Additionally, the Court finds that Estate of Morgan v. Cabela’s, Inc., No. 09-91-CFVT, 2010 U.S. Dist. LEXIS 155761, 2010 WL 11646777 (E.D. Ky. Jan. 11, 2010), cited by the Service Plus Defendants in support of their argument, is factually and procedurally distinguishable and does not require that this Court find that Plaintiffs fraudulently joined the Green Estate. In Estate of Morgan, the district court found fraudulent joinder where the plaintiff estate joined the decedent’s niece as a defendant in the lawsuit and subsequently dropped all claims against the niece, allegedly due in part to “family concerns,” after the one-year time limit on removal under 28 U.S.C. § 1446(b) had passed. Estate of Morgan, 2010 WL 11646777, at *4-5. The Court does not find that the “extraordinary circumstances that invite[d] consideration of alternative formulations of the fraudulent joinder test” in the Estate of Morgan case are present in this case.
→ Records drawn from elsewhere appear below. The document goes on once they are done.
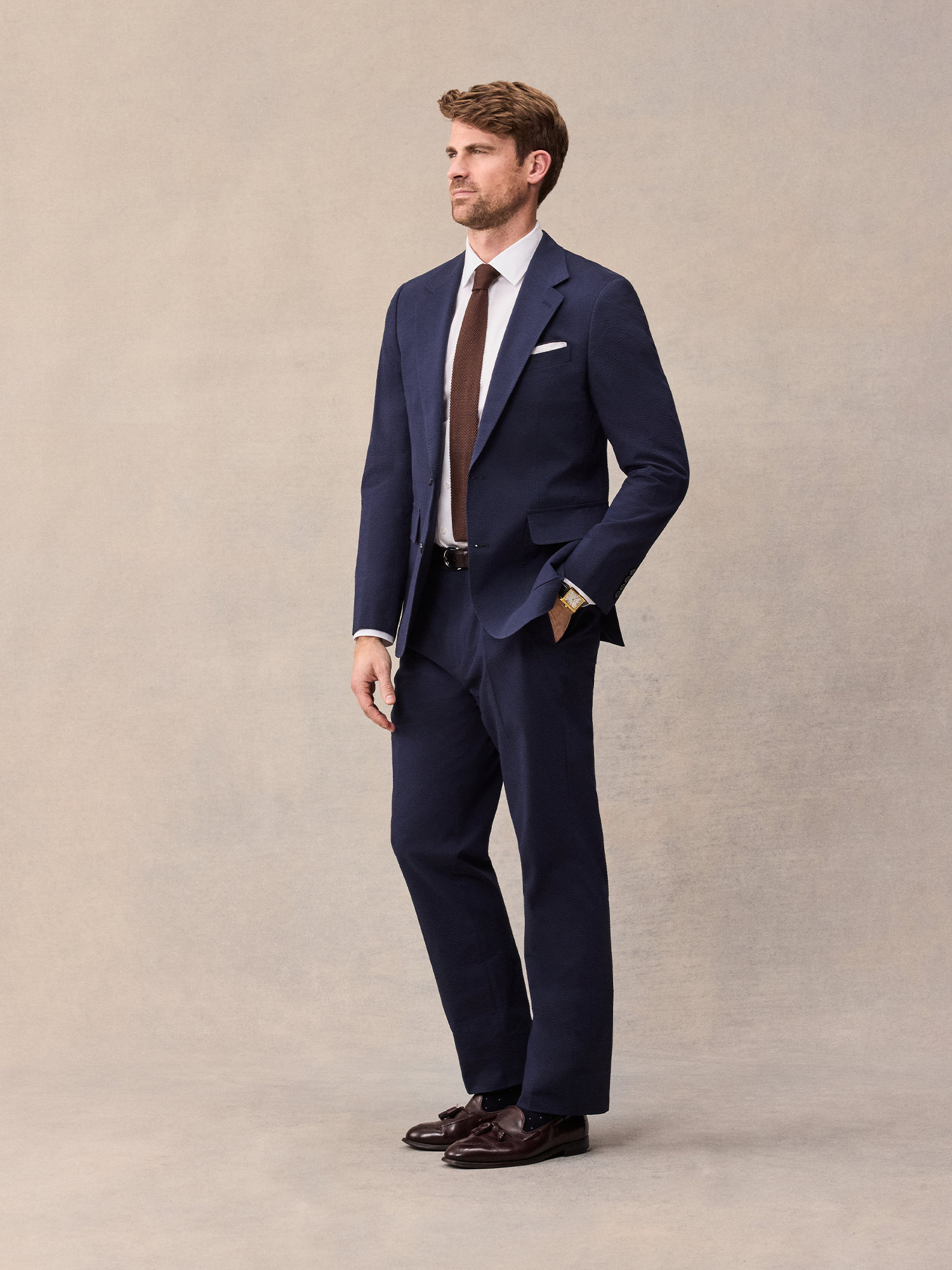Navy Seersucker Suit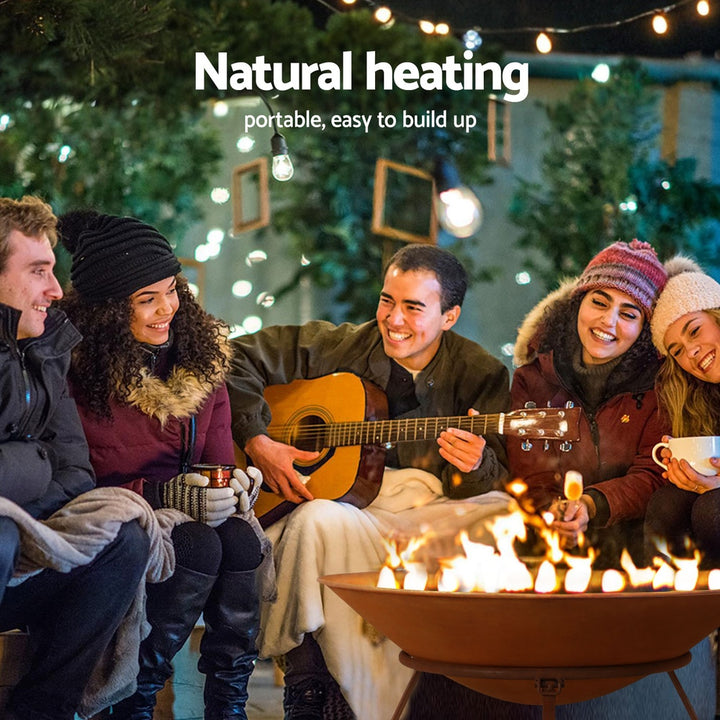 Grillz 70cm Fire Pit Rustic Iron Bowl Outdoor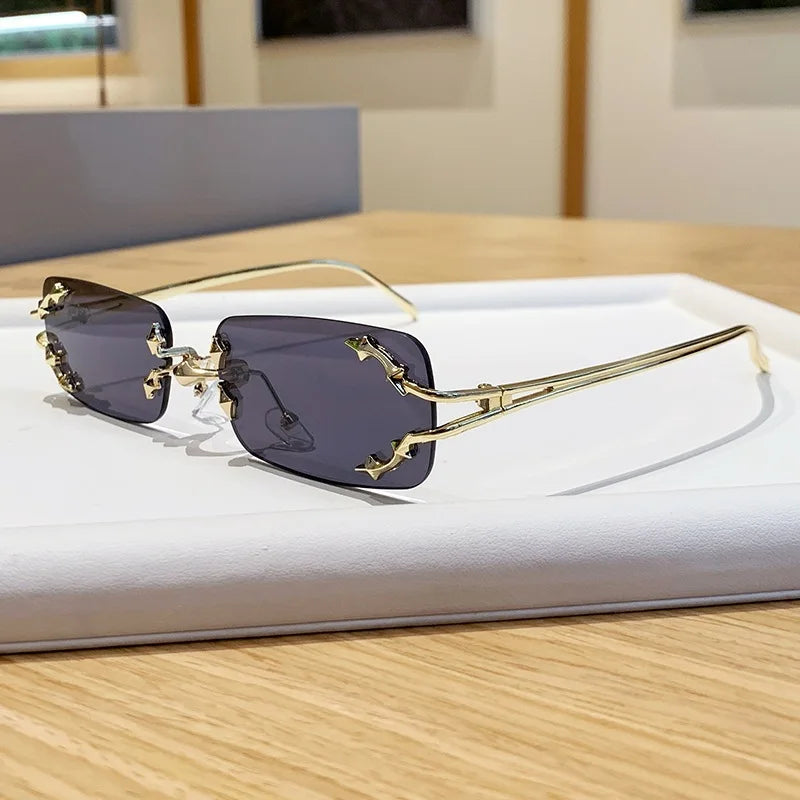 Óculos de Sol Vintage Rimless Quadrado Y2K Rebite Estrela UV400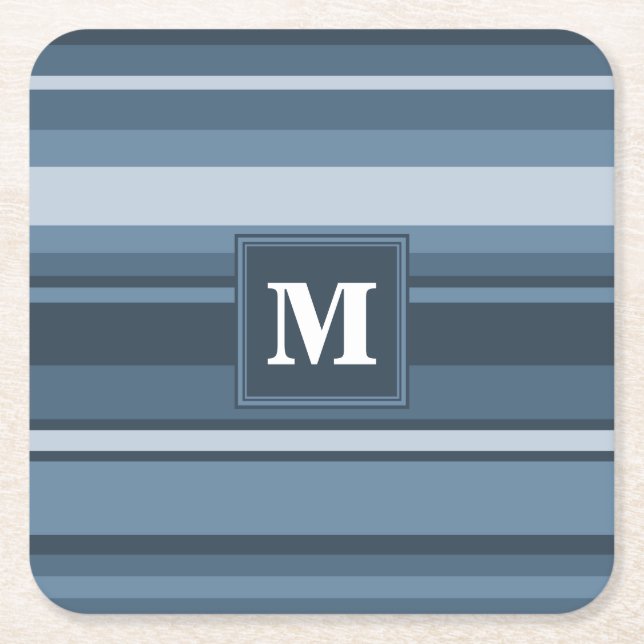 Dessous De Verre Carré Bandes gris monogramme (Devant)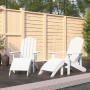 2 db fehér hdpe kerti adirondack szék lábtartóval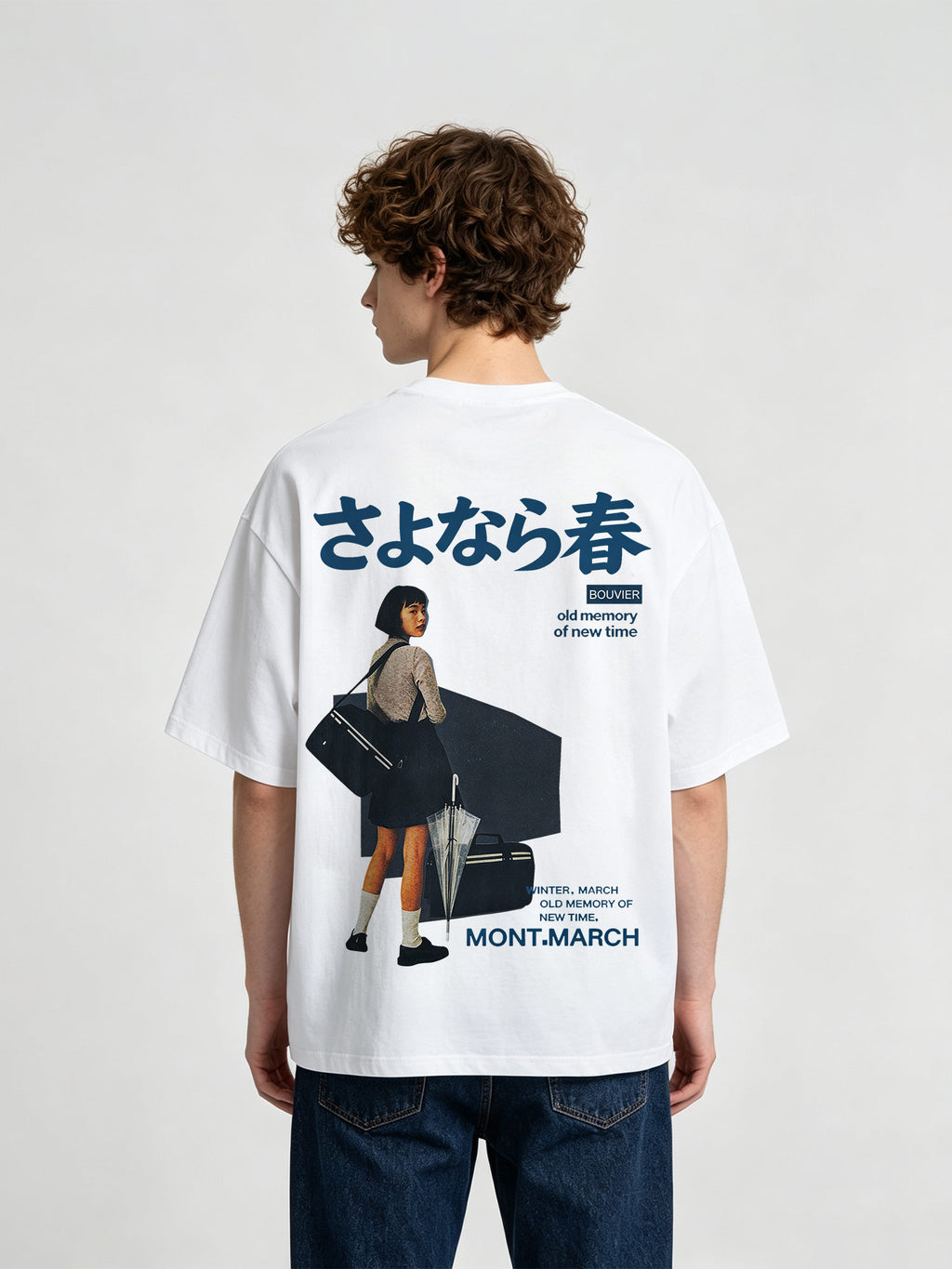 Vintage Japanese Girl Portrait Sayonara Haru Kanji Aesthetic Graphic T-Shirt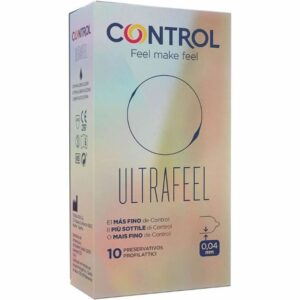 Caja del producto Control Ultrafeel, con acabado degradado pastel y formato de 10 preservativos.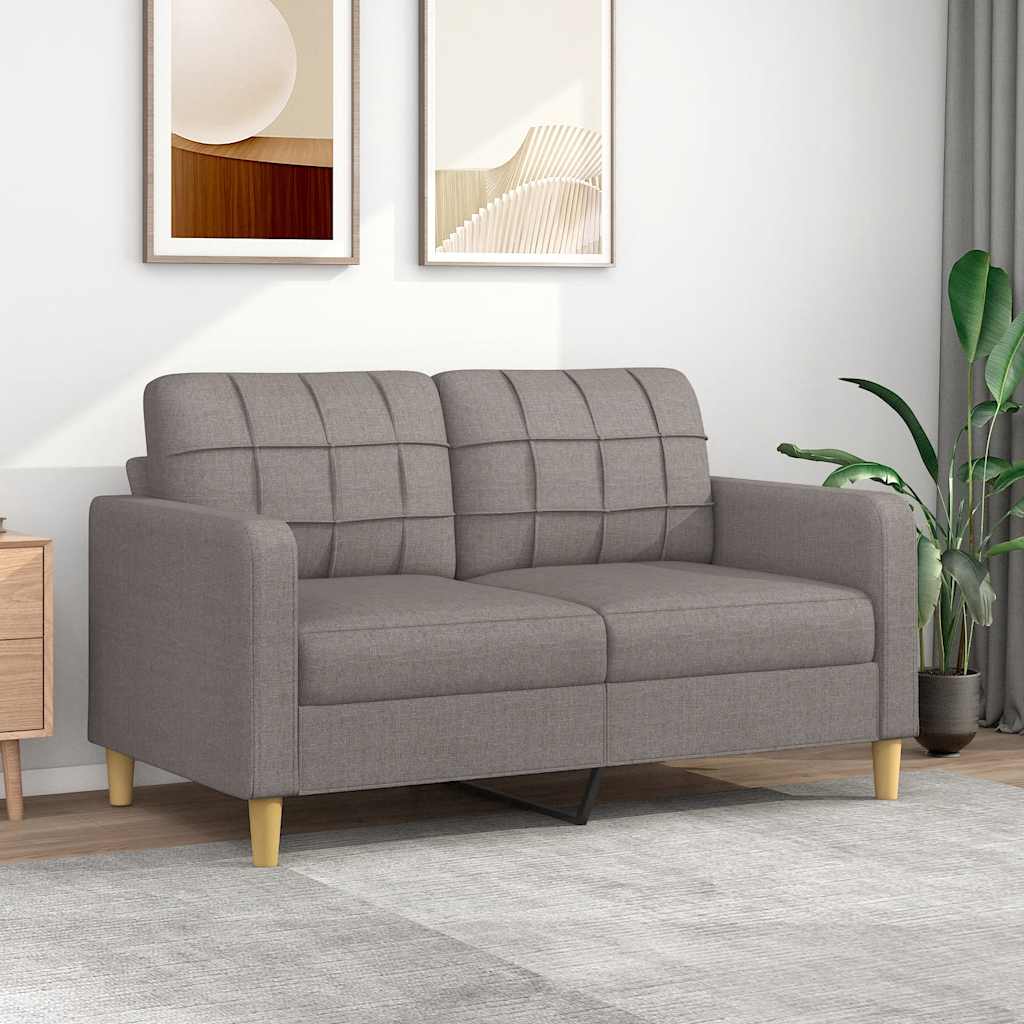 Canapé à 2 places Taupe 140 cm Tissu - XIOS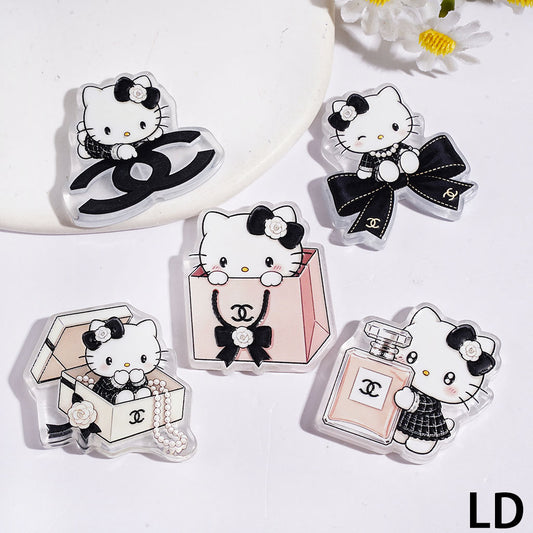 Cute Cartoon Cat CC‑Themed Badge‑Shaped Acrylic Accessories, LD
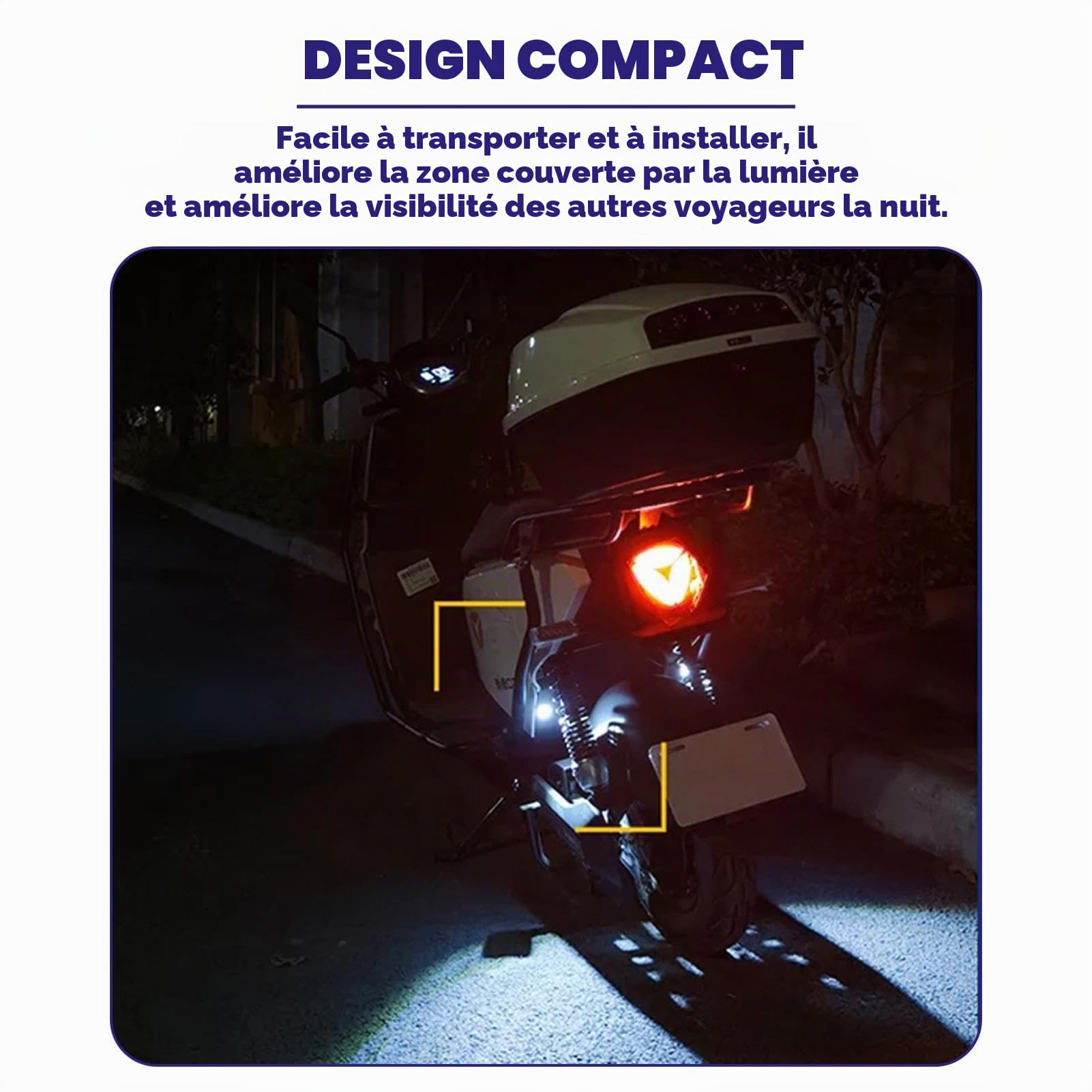 lampe LED pour moto, lampe rechargeable pour moto | Projecteur de pare-chocs de lumière de calandre LED pour moto,Lampe de nuit haute luminosité pour les déplacements domicile-travail et l'a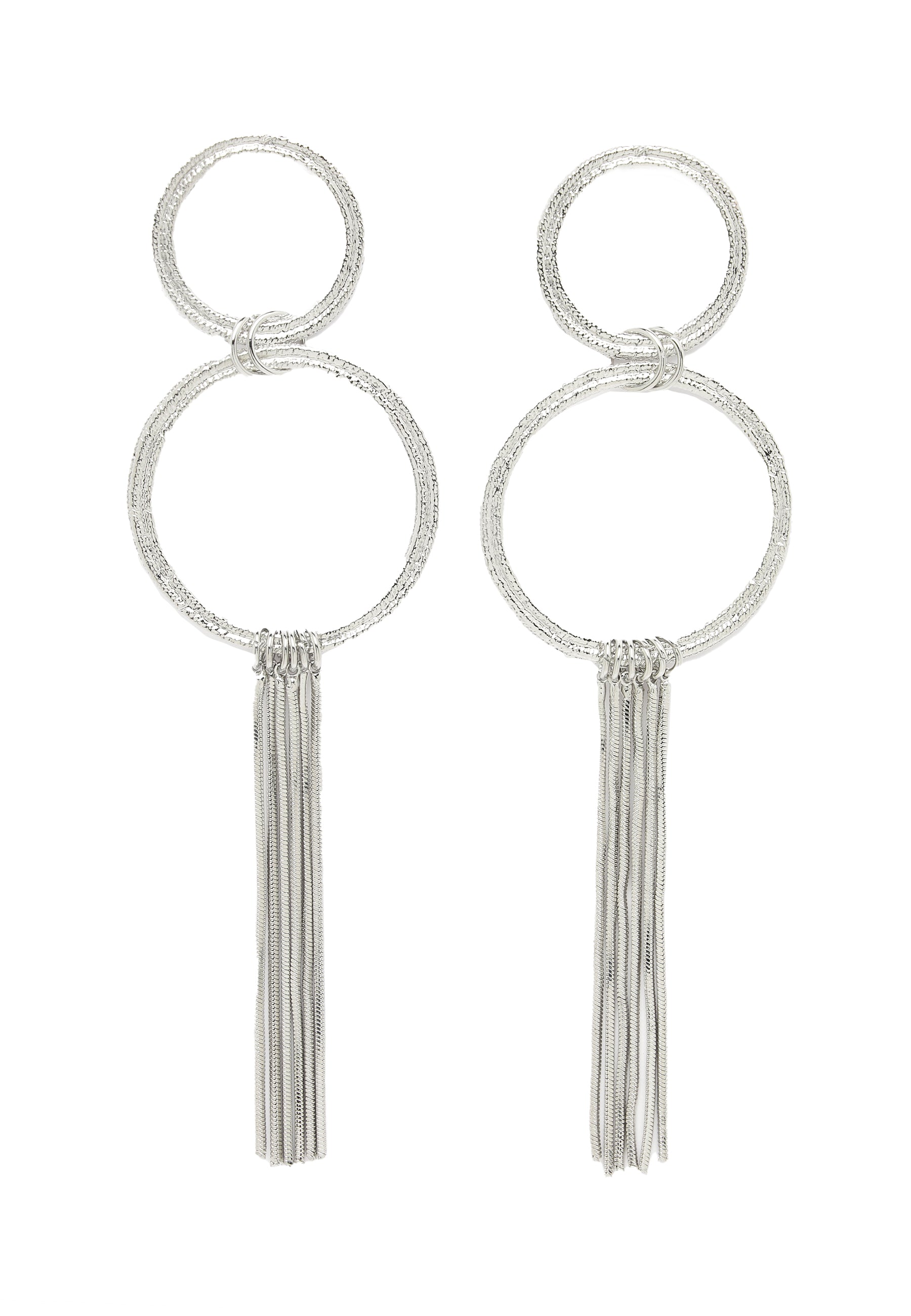 Elegant Circular Fringe Earrings In Silver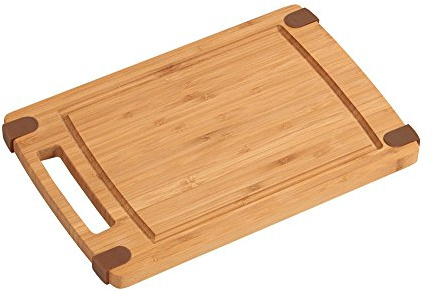 Kesper Schneidebrett mit Rutsch-Stopp, aus -zertifiziertem Bambus, 32x21x1,6 cm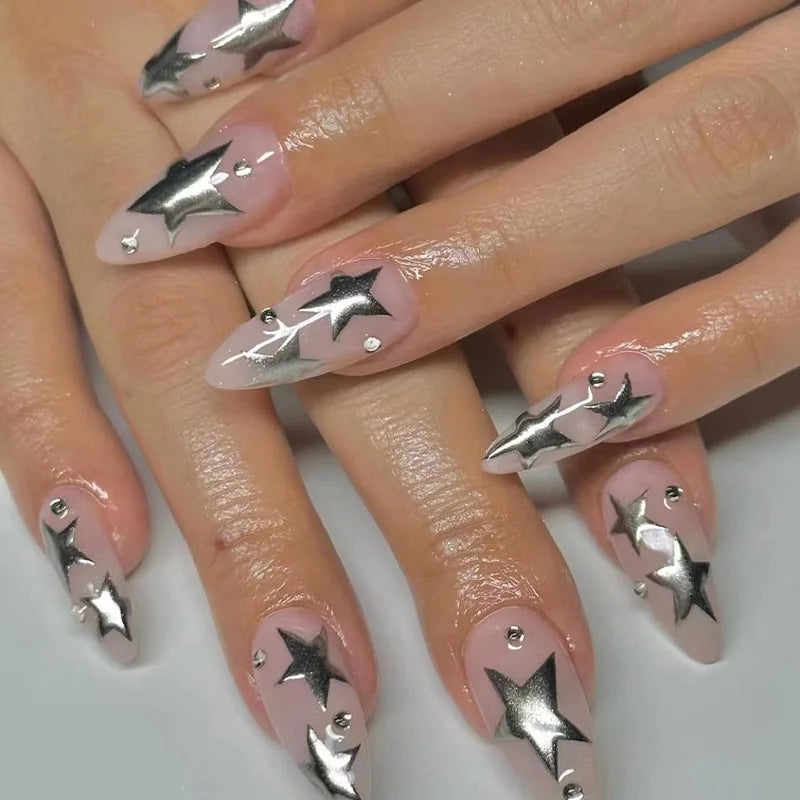24Pcs Almond Press on Nails Y2K Star Diamond Designs for Cool Girls Nude Color Fake Nails for Women Full Cover False Nail Tips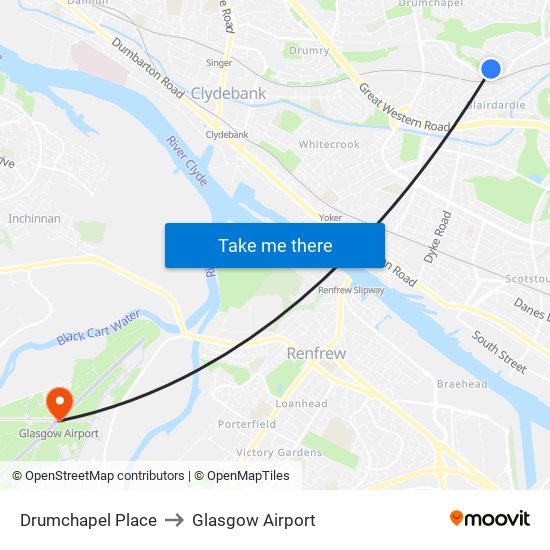 Drumchapel Place to Glasgow Airport map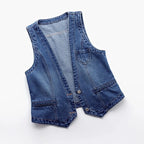 Women Vintage Denim Waistcoat Jacket 2026 Spring New Female Short Slim Sleeveless Coat Vest 6XL Single Breasted Solid Casual Top - Matrix Studios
Id.
D. Citizenship of the Patterson Estate
The Court next addresses the Patterson Estate’s citizenship. As with the Green Estate, the citizenship of the Patterson Estate is Devenna’s citizenship at the time that she died. 28 U.S.C. § 1332(c)(2) (“For the purposes of [28 U.S.C. § 1332] and [28 U.S.C. §] 1441 … the legal representative of the estate of a decedent shall be deemed to be a citizen only of the same State as the decedent ….”). Plaintiffs argue that the Patterson Estate is a citizen of Ohio, while the Service Plus Defendants argue that it is a citizen of Alabama.
*6 In support of Ohio citizenship, Plaintiffs submit a declaration from Shalanda, which states that she knew her sister (Devenna) her entire life and is familiar with the places where she lived. Among other things, Shalanda’s declaration states that:
• “Devenna A. Patterson moved to Ohio in October of 2018 and was leasing an apartment at the Cedar Village Apartments in Fairborn, Ohio. … Devenna A. Patterson was paying utilities and cable for that apartment, until the time of her death.”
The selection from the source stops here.